Per l'accusa, oltre alla consulenza grafologica, sono anche altri gli indizi contro l'imputato. Come il libro e la cartolina sequestrati nella sua abitazione che conteneva lo stesso simbolo, un cerchio attraversato da una riga, vergato in calce al componimento "In morte di un'amica". O come il foglietto con scritto a mano "Stefano barbaro assassino" ritrovato su una sua agenda dell'anno 1986. E ancora, la Smemoranda del 1989 intestata, in prima pagina, a "Binda Stefano che però si è pentito". Infine i testimoni ascoltati nel processo che hanno riferito di aver notato una berlina chiara, simile a quella all'epoca posseduta da Binda, posteggiata la sera del delitto davanti all'ospedale di Cittiglio, dove Lidia si era recata per visitare un'amica ricoverata.

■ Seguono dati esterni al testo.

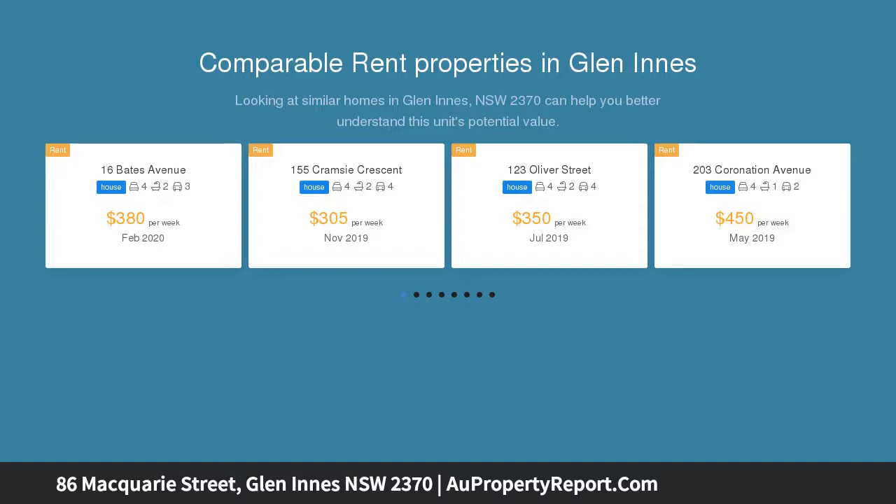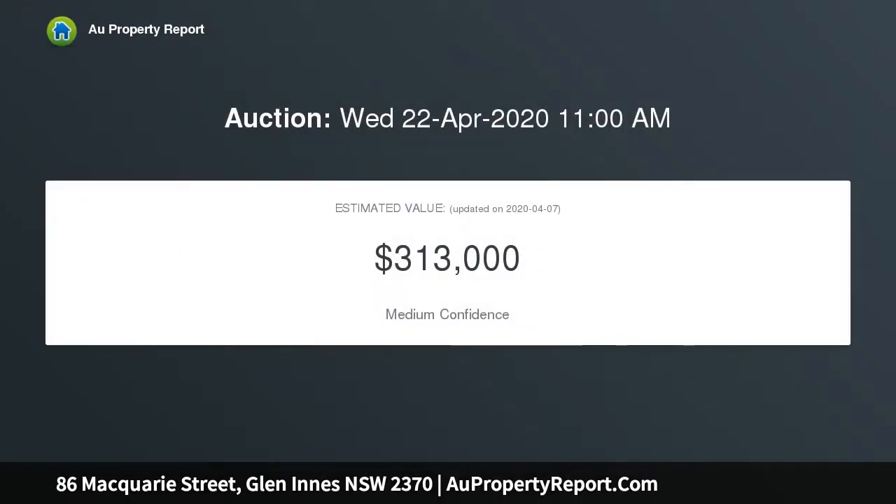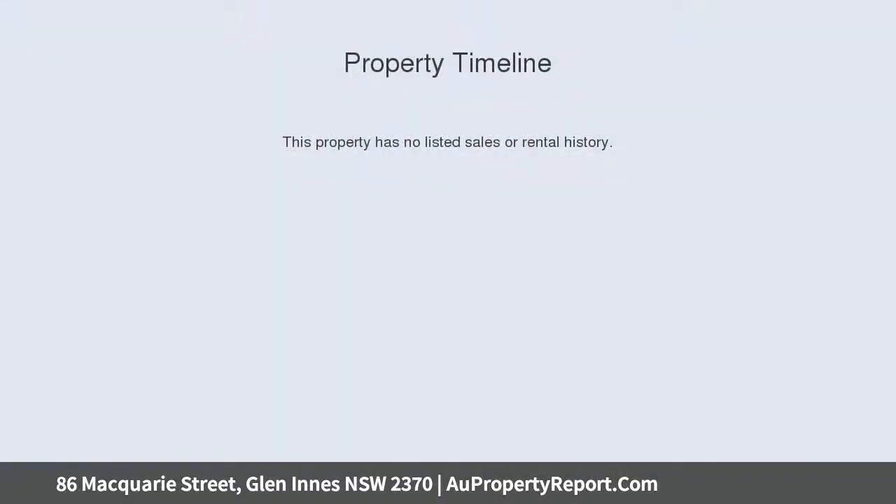Get creative and make an appointment to check out this project, set in mature gardens that would transform with a little prudence and TLC. One block from Anzac Park and a short stroll to the main street, this really is a great opportunity to buy in the central part of town at an entry-level price.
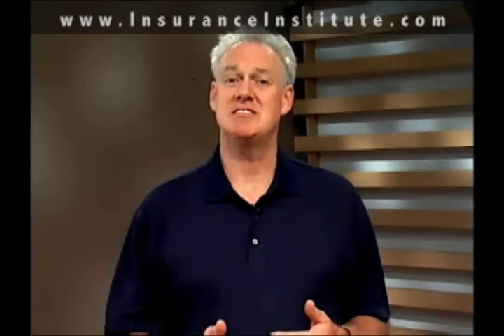One thing critical thinking is not — it's not being right all of the time. Critical thinking has more to do with a process that we use to come to the right answer. Anyone who handles claims knows that you can't always be right, but you can take the steps necessary to work through a problem so you can come to the best answer given the information that you have, and that's what critical thinking really is.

Tutti indizi ma nessuna prova secondo i difensori di Binda, il quale sin dal giorno dell'arresto ha sempre respinto ogni accusa proclamando la sua innocenza. Interrogato in aula, il 50enne aveva negato di essere l'autore della poesia attribuita al killer ribadendo il suo alibi: "In quei giorni ero in vacanza a Pragelato, ma non ricordo chi fosse con me". A scagionarlo, secondo i suoi difensori, è però soprattutto un elemento: i quattro capelli ritrovati sui resti della vittima dopo la riesumazione del cadavere disposta nel marzo 2016 per nuovi accertamenti. Capelli, hanno stabilito i periti del Tribunale di Varese, che non sono riconducibili né a Lidia né ai suoi parenti. E che soprattutto non appartengono a Binda.

Per la difesa, era la prova della sua innocenza. Secondo l'accusa, invece, sarebbero di una persona che non ha nulla a che fare con il delitto e potrebbero essere la conseguenza di una "contaminazione" probabilmente da parte di chi si era recato alla camera ardente nei giorni precedenti ai funerali e aveva toccato il corpo della studentessa per un ultimo addio.